WORK REQUIRED:
Transcribe exactly the stretch of lines beginning at the one containing "Tilapia is divided" and closing with the last line of the entries below. Omit images.

DATA UNDER STUDY:
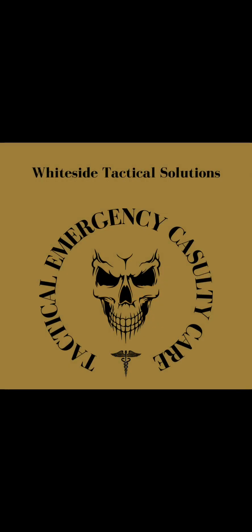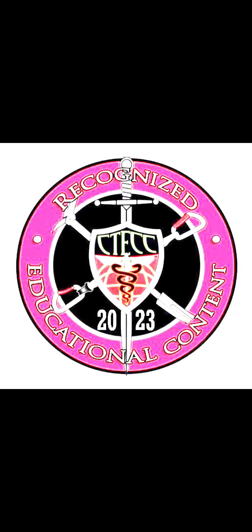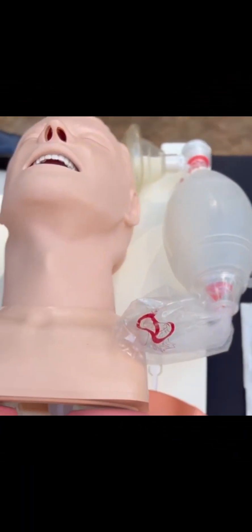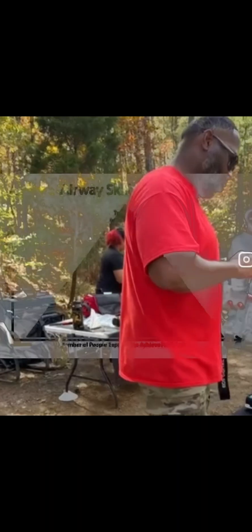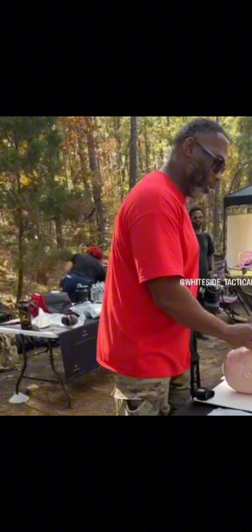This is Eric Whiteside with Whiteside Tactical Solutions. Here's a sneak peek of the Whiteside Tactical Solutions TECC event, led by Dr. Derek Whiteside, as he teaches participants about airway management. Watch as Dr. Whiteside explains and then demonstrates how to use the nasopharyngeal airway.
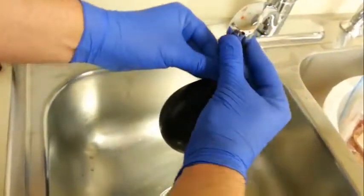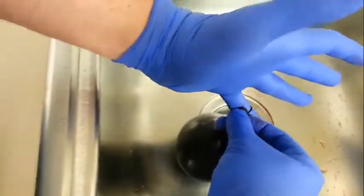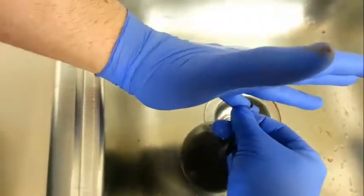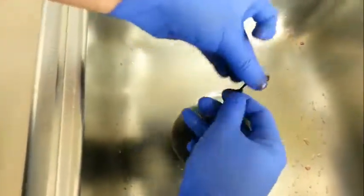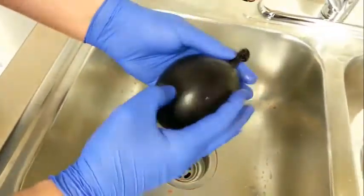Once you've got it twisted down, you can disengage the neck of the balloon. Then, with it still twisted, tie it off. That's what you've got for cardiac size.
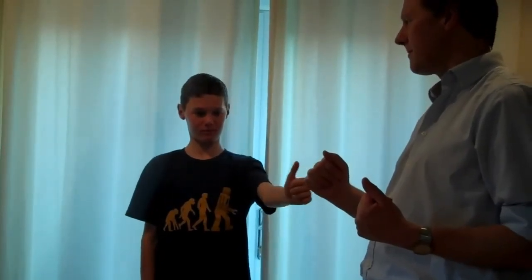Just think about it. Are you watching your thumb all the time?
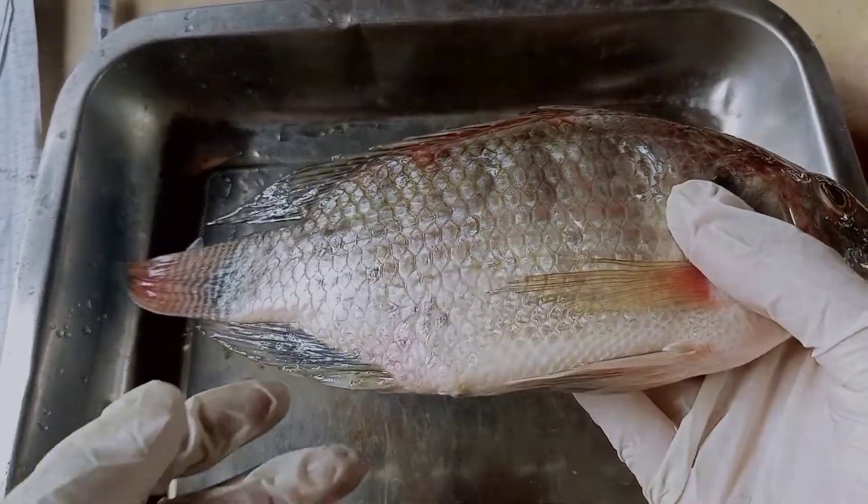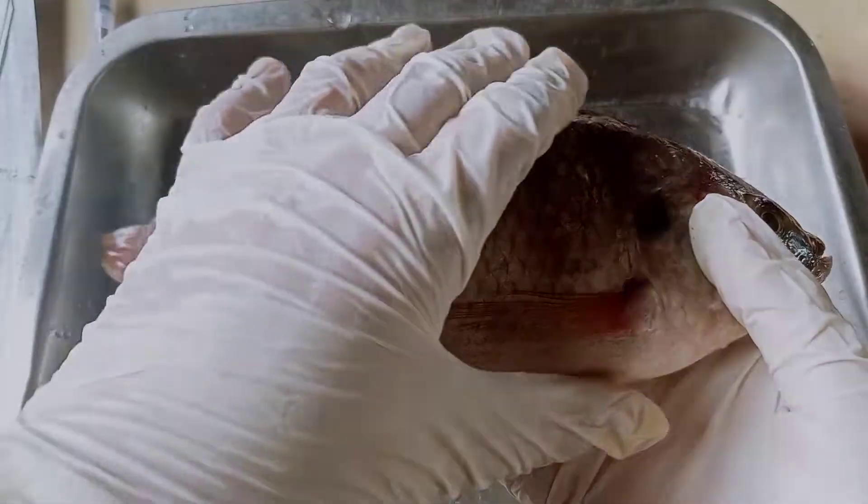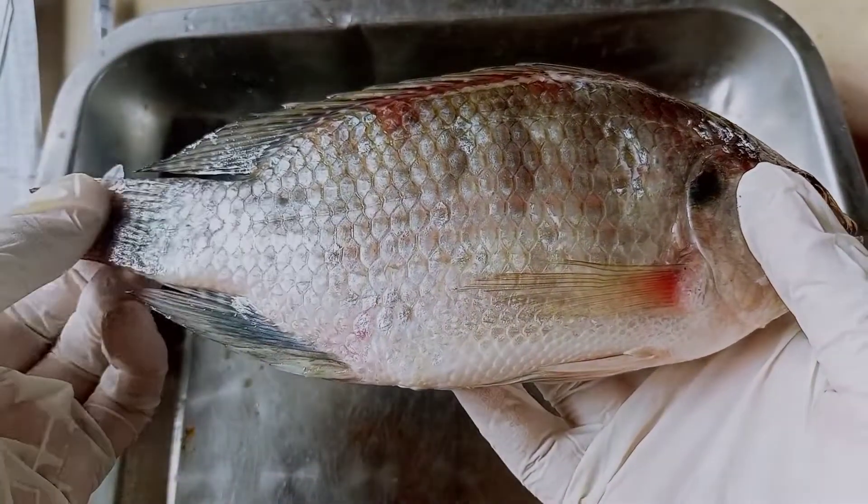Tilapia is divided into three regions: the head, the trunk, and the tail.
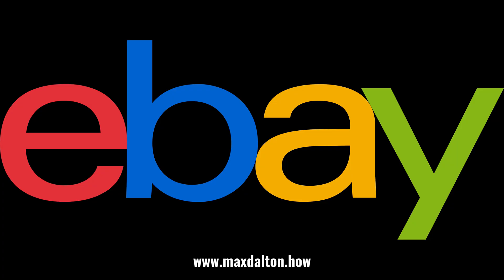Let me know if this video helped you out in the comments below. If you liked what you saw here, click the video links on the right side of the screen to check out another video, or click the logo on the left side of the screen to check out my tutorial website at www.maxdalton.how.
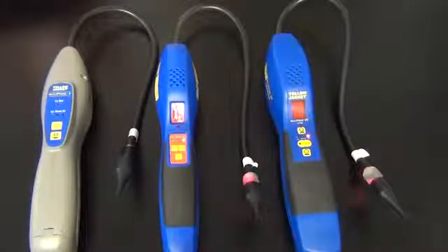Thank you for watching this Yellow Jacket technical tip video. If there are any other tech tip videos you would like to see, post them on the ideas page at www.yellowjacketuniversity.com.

WRITTEN ANSWER:
Tilapia is divided into three regions: the head, the trunk, and the tail.
Let me know if this video helped you out in the comments below. If you liked what you saw here, click the video links on the right side of the screen to check out another video, or click the logo on the left side of the screen to check out my tutorial website at www.maxdalton.how.
Thank you for watching this Yellow Jacket technical tip video. If there are any other tech tip videos you would like to see, post them on the ideas page at www.yellowjacketuniversity.com.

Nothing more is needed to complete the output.